== INPUT
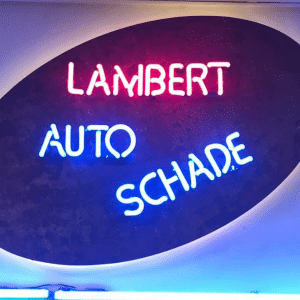 Logo in neon - Lichtreclame Autoschade Lambert - Portfolio Brouwers
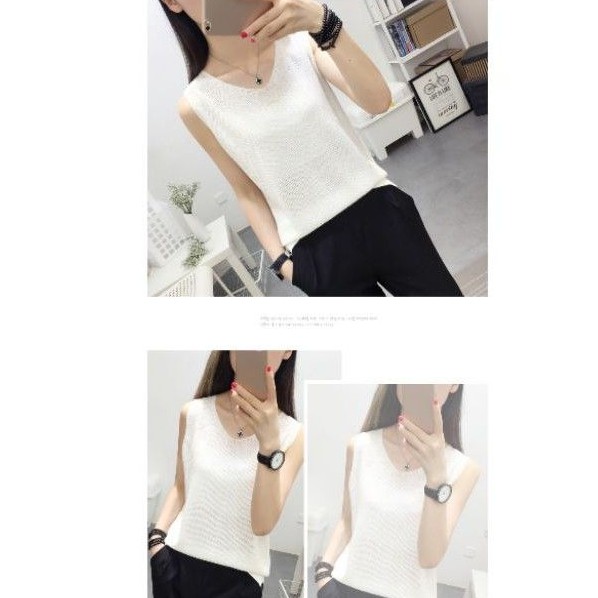 Tank Top Rajut Import Kombinasi Kaos V Neck Kaos Rajut Longgar Atasan Rajut Kaos Rajut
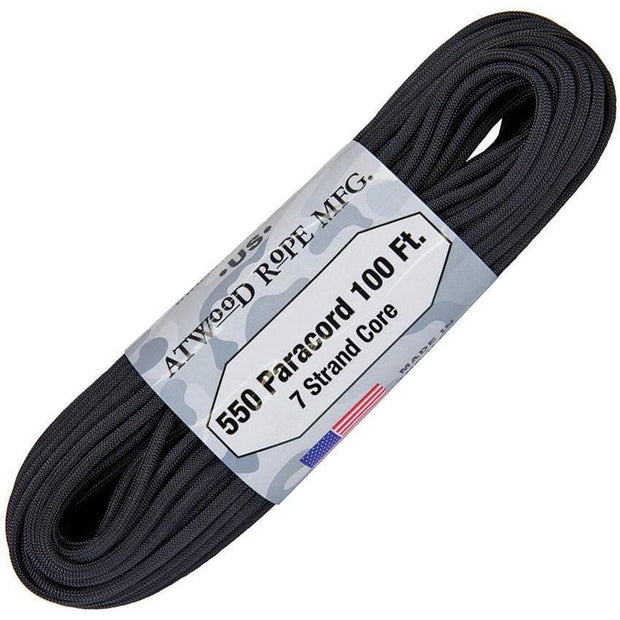 Atwood Rope MFG Parachute Cord Black S01 - BLACK by Atwood Rope MFG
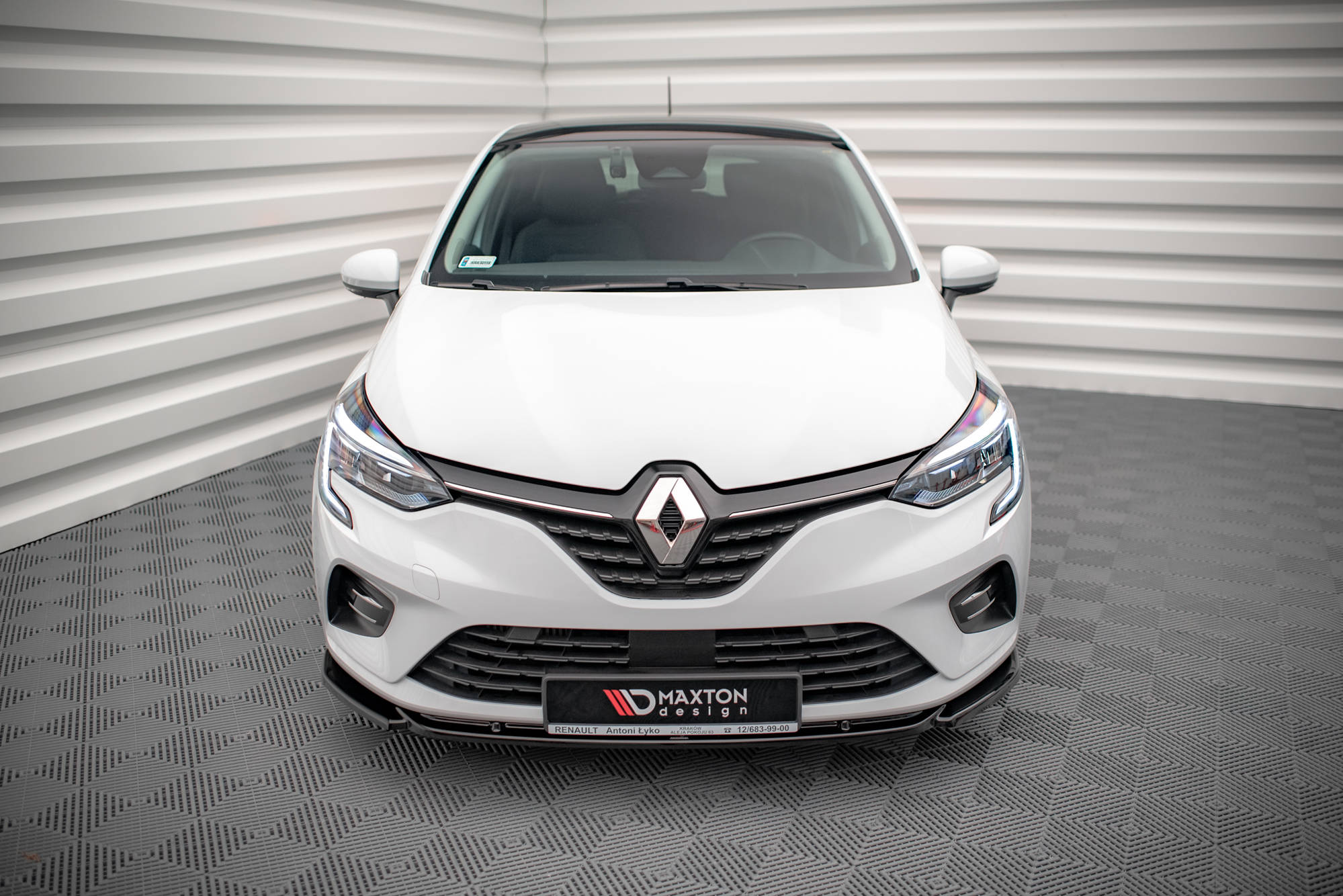 Street+ Spoilerlippe Front Ansatz V.1 passend für Renault Clio Mk5 schwarz Hochglanz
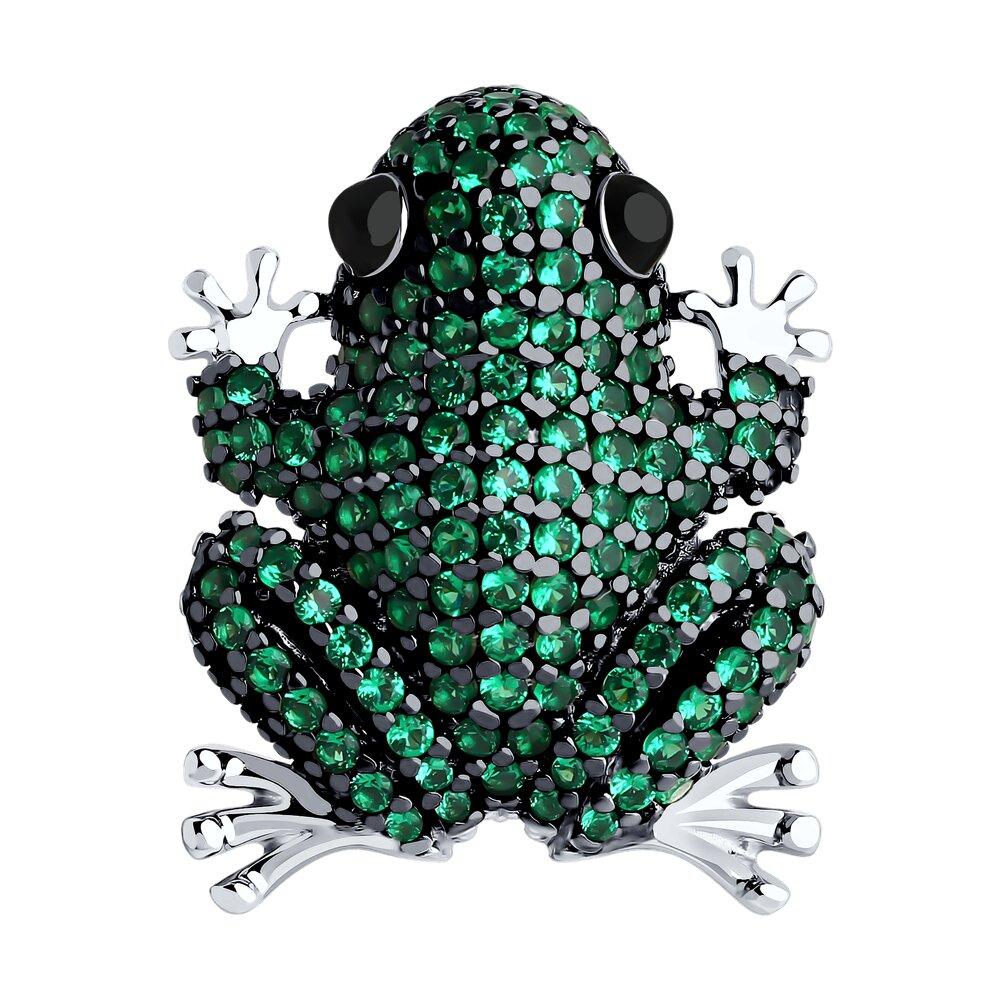 Брошь из серебра с фианитами и эмалью - видео на модели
====
• [PROBLEM TO SOLVE]: Begin at the line that contains "Tank Top Rajut" and transcribe every line through the end of the listing, exactly as written. Omit the pictures.

• [ANSWER FOR THE TASK]:
 Tank Top Rajut Import Kombinasi Kaos V Neck Kaos Rajut Longgar Atasan Rajut Kaos Rajut
 Atwood Rope MFG Parachute Cord Black S01 - BLACK by Atwood Rope MFG
 Street+ Spoilerlippe Front Ansatz V.1 passend für Renault Clio Mk5 schwarz Hochglanz
 Брошь из серебра с фианитами и эмалью - видео на модели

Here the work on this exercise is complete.